_Task item_. Please repeat exactly the lines from the one containing "대형 귀봉투 쓰레기비닐 평한봉투 100x150cm 투명 BOX" through the last line of the records, both included, and nothing else, leaving out any pictures.

Image-caption web data
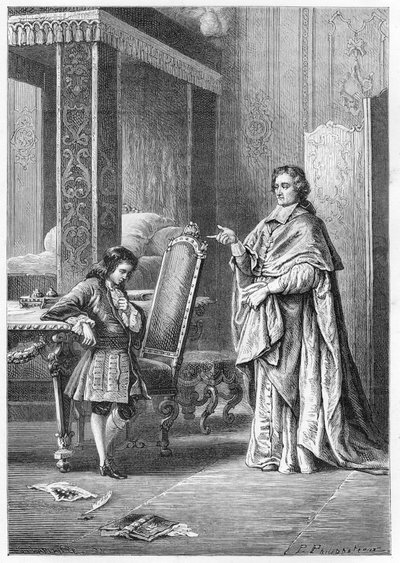 François de Pons de Salignac de La Mothe-Fénelon da French School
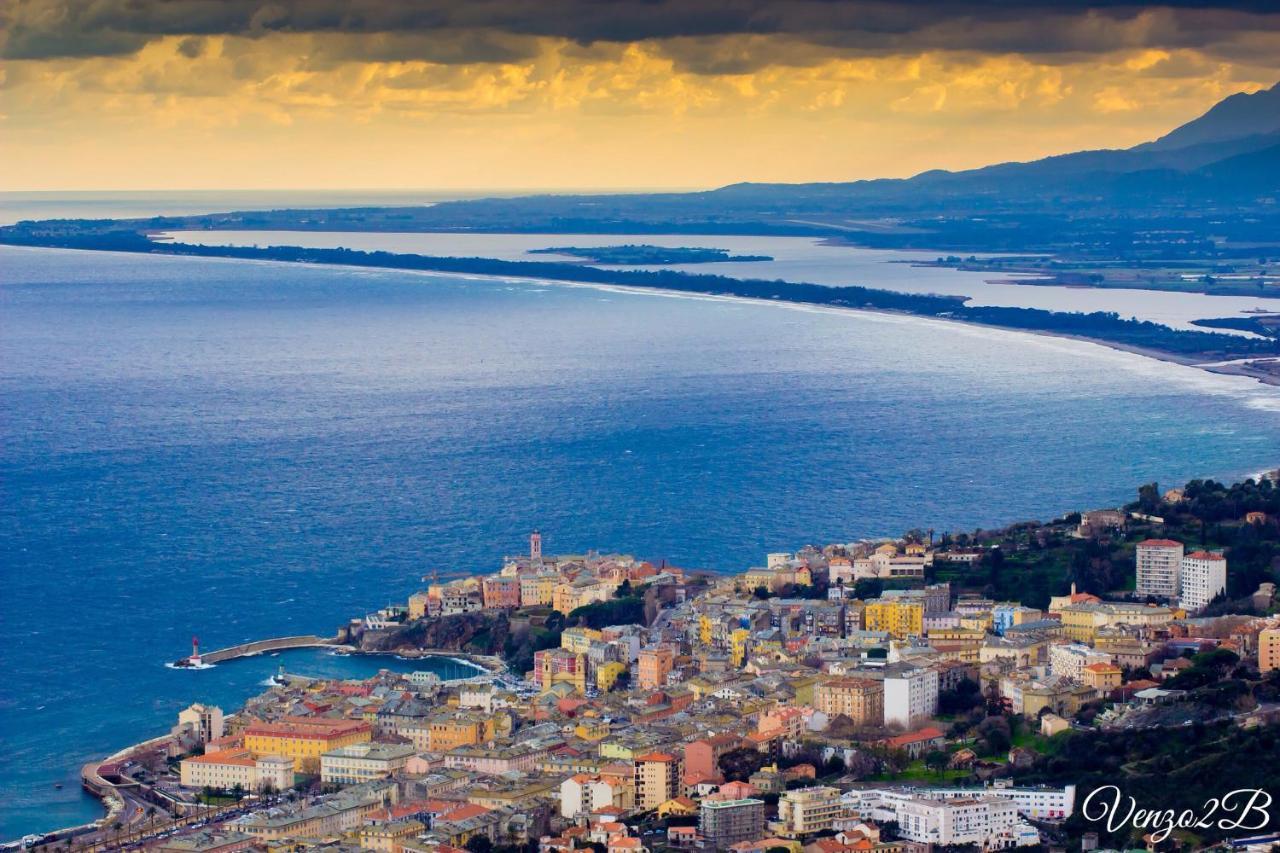 Appartement Chic Proche De La Mer Bastia  Kültér fotó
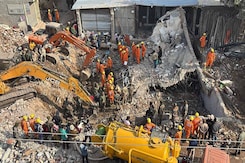 Mohali Building Collapse: 2 Dead, Many Feared Trapped Mohali Building Collapse: 2 Dead, Many Feared Trapped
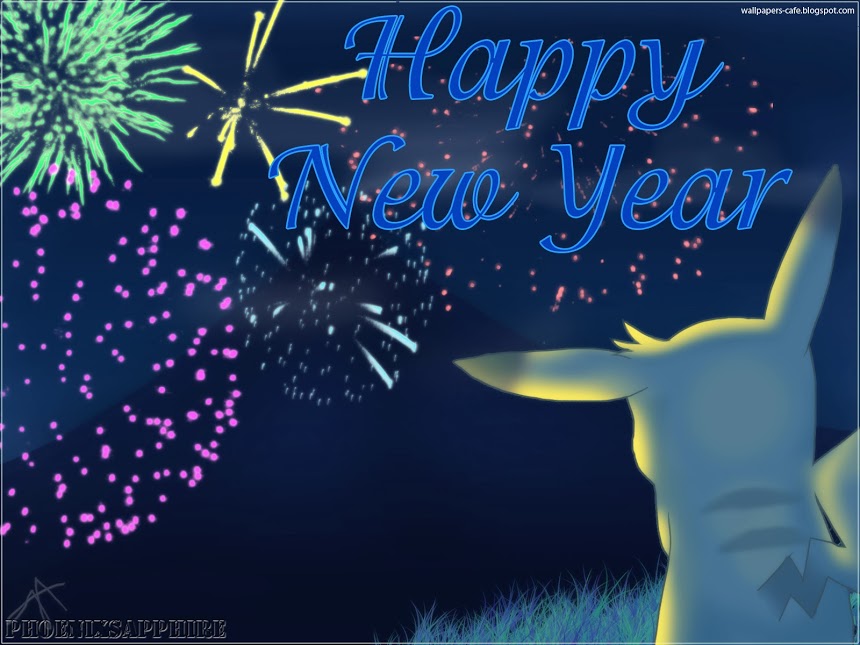 New Year Firework 2014 Image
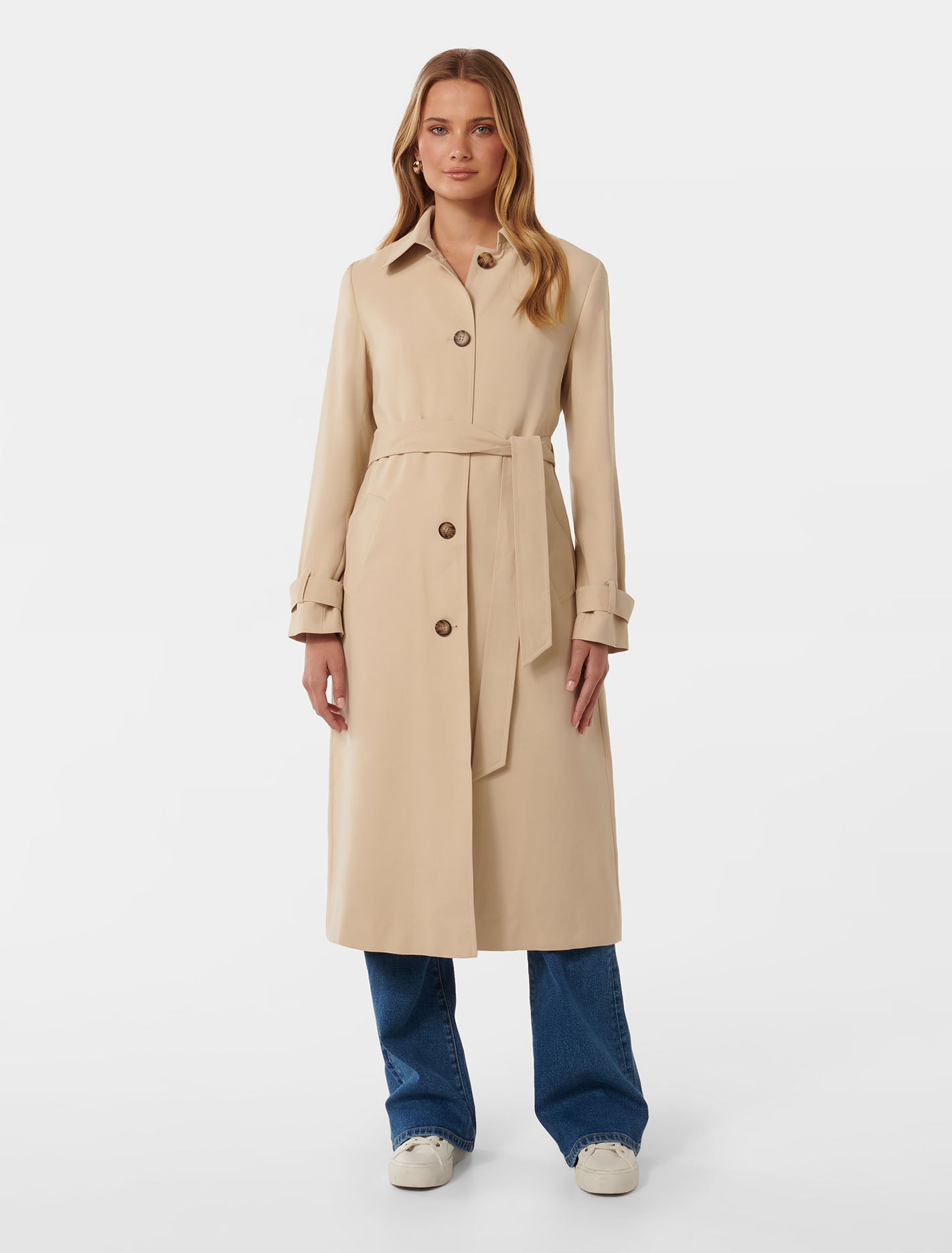 Darlah Trench Coat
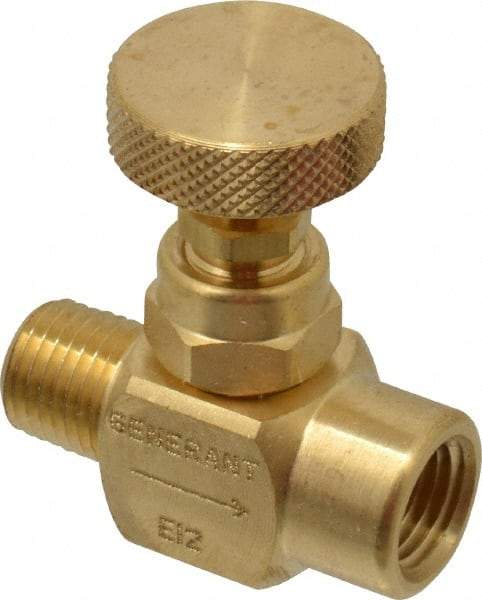 Made in USA - Needle Valve - Brass Valve - Apex Tool & Supply
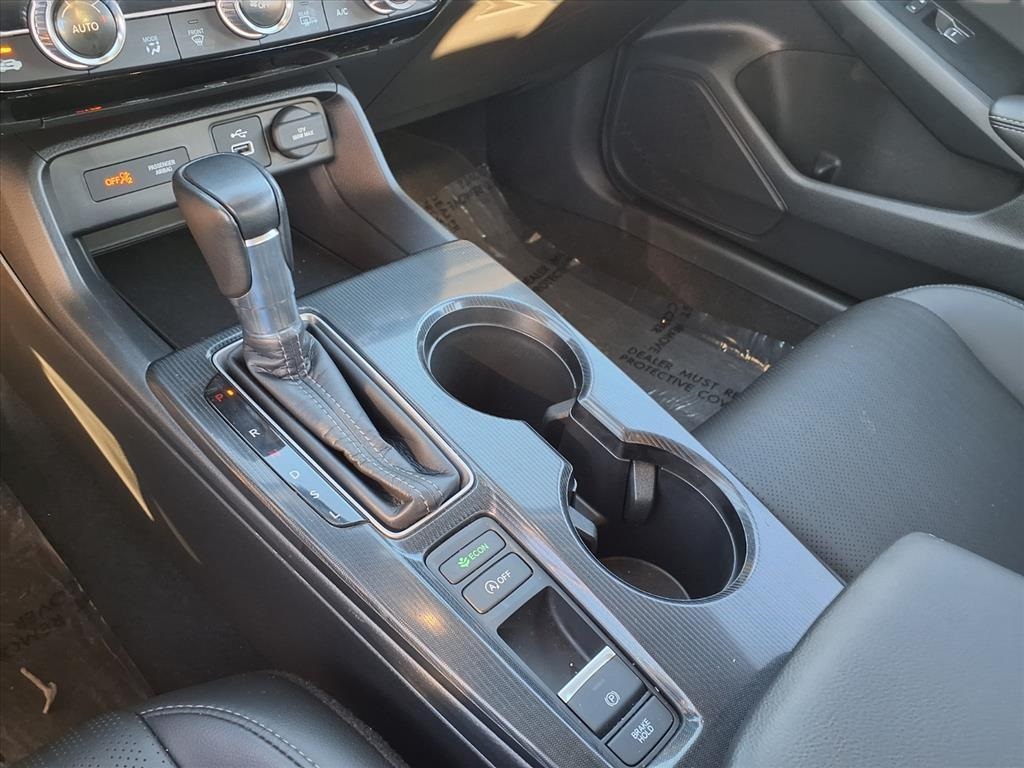 2022 Honda Civic EX-L White at Emmons Autoplex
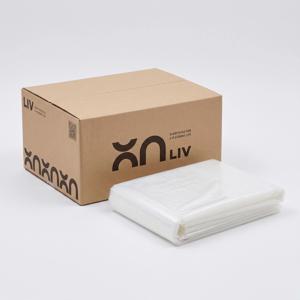 대형 귀봉투 쓰레기비닐 평한봉투 100x150cm 투명 BOX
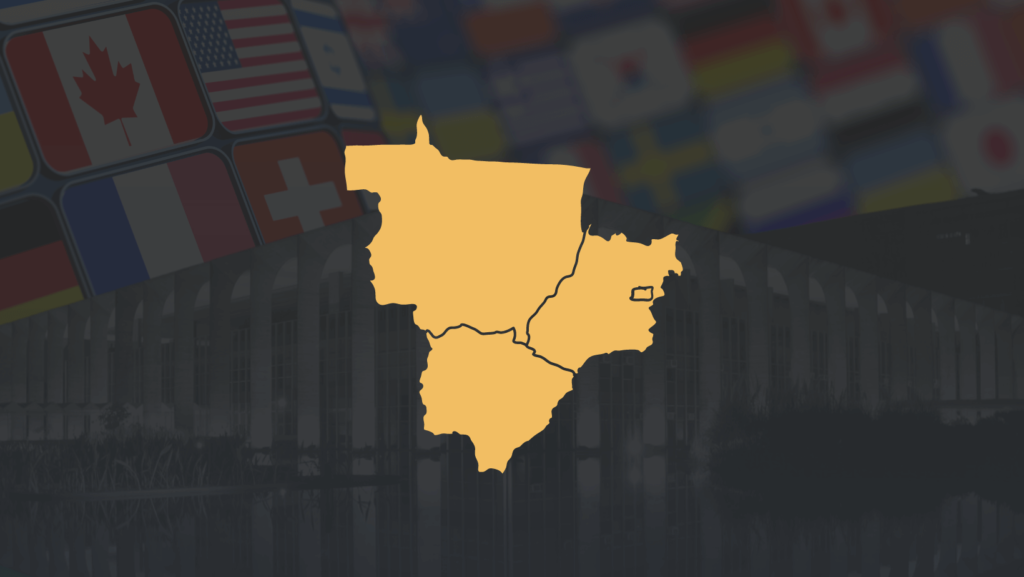 Curso de Relações Internacionais no Centro-oeste - Bacharelado / Graduação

_Solution for this exercise_.
 대형 귀봉투 쓰레기비닐 평한봉투 100x150cm 투명 BOX
 Curso de Relações Internacionais no Centro-oeste - Bacharelado / Graduação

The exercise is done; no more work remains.